A forum for reverse engineering, OS internals and malware analysis 

 #33134  by JordanPietka
 Sat Aug 10, 2019 6:28 am
Background: There are vulnerable kernel mode drivers for Windows systems, which can be loaded into the system for various purposes. Loaded kernel mode drivers leave traces in the system. Anti-cheat software for video games, for example, look for vulnerable driver traces in various parts of the system because they are used for cheating. The logic used by anti-cheat software could perhaps be (or were already) used by anti-rootkit tools or rootkits themselves.

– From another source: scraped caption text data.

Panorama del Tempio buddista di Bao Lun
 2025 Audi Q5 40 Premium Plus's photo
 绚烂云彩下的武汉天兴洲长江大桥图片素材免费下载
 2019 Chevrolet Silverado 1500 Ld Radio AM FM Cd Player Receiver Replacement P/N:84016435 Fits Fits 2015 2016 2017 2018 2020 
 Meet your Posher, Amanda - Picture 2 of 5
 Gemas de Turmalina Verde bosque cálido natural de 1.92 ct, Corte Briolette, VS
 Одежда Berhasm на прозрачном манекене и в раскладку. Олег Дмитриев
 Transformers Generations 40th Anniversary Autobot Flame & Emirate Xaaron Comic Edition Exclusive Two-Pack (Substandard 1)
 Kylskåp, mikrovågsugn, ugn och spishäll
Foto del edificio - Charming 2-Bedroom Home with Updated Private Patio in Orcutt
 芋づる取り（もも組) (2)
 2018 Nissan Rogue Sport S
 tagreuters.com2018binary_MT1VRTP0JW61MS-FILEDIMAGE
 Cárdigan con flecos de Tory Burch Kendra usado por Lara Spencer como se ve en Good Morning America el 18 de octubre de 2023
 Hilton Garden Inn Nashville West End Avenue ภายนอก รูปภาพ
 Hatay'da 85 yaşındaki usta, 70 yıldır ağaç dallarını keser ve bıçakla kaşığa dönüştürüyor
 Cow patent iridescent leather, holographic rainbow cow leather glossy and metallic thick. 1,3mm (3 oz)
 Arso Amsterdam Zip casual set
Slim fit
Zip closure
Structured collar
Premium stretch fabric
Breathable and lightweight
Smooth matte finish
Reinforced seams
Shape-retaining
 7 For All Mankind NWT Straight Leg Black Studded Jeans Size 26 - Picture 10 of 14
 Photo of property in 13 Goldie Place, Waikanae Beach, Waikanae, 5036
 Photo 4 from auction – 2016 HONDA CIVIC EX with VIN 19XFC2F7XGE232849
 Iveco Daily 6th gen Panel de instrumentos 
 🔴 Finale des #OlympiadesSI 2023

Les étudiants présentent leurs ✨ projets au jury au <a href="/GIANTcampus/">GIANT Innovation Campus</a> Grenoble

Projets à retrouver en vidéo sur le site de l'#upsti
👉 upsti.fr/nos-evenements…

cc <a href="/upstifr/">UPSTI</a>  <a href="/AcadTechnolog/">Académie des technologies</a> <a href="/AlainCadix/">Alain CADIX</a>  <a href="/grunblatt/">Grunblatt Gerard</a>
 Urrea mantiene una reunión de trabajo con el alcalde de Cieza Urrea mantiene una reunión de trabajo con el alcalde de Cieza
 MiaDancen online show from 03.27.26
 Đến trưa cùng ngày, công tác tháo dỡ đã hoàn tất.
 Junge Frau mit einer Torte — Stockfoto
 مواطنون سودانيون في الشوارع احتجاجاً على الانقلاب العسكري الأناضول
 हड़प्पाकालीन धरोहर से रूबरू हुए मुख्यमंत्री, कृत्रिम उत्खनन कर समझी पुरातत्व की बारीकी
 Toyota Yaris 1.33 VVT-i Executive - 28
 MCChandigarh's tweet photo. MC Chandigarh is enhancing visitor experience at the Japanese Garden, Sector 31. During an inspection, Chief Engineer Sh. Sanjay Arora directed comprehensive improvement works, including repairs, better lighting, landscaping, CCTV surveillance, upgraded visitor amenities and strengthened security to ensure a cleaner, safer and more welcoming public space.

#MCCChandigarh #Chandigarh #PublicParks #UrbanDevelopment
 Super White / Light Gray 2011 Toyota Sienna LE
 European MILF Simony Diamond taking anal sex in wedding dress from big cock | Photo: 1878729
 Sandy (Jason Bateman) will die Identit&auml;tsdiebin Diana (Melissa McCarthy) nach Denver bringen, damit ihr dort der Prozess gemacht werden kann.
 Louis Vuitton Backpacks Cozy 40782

I am wondering where traces are left after drivers are loaded and then unloaded. From my research, I found these two places in Windows NT kernel, where unloaded drivers leave traces:

  • PiDDBCacheTable
  • MmUnloadedDrivers
Just to let you know, those are undocumented data structures.
Where else could they leave traces? Is it possible for me to learn it without reverse-engineering the Windows kernel by myself?
 #33135  by Brock
 Sat Aug 10, 2019 9:48 pm
Tags from pool memory that has not been deallocated and registry values that may have been left behind are another couple of potential areas to investigate. Does not matter if the driver is loaded normally or sideloaded off a vulnerable driver in the system, there can be quite a bit of artifacts left behind, especially seen in full physical memory dumps.
 #33138  by JordanPietka
 Sun Aug 11, 2019 8:32 am
EP_X0FF wrote:It is depends on what you want to achieve. Currently it looks like you are either cheat or anti-cheat developer. No malware works in a different way.
I am not an anti-cheat or cheat developer. I am a full time student and work part-time as a full-stack (Python, SQLite and Angular) developer. However, I am extremely interested in kernel mode development, in particular in anti-cheat software.
I am not sure if you allow discussion or questions regarding these topics. Please do let me if such questions or discussions are welcome here.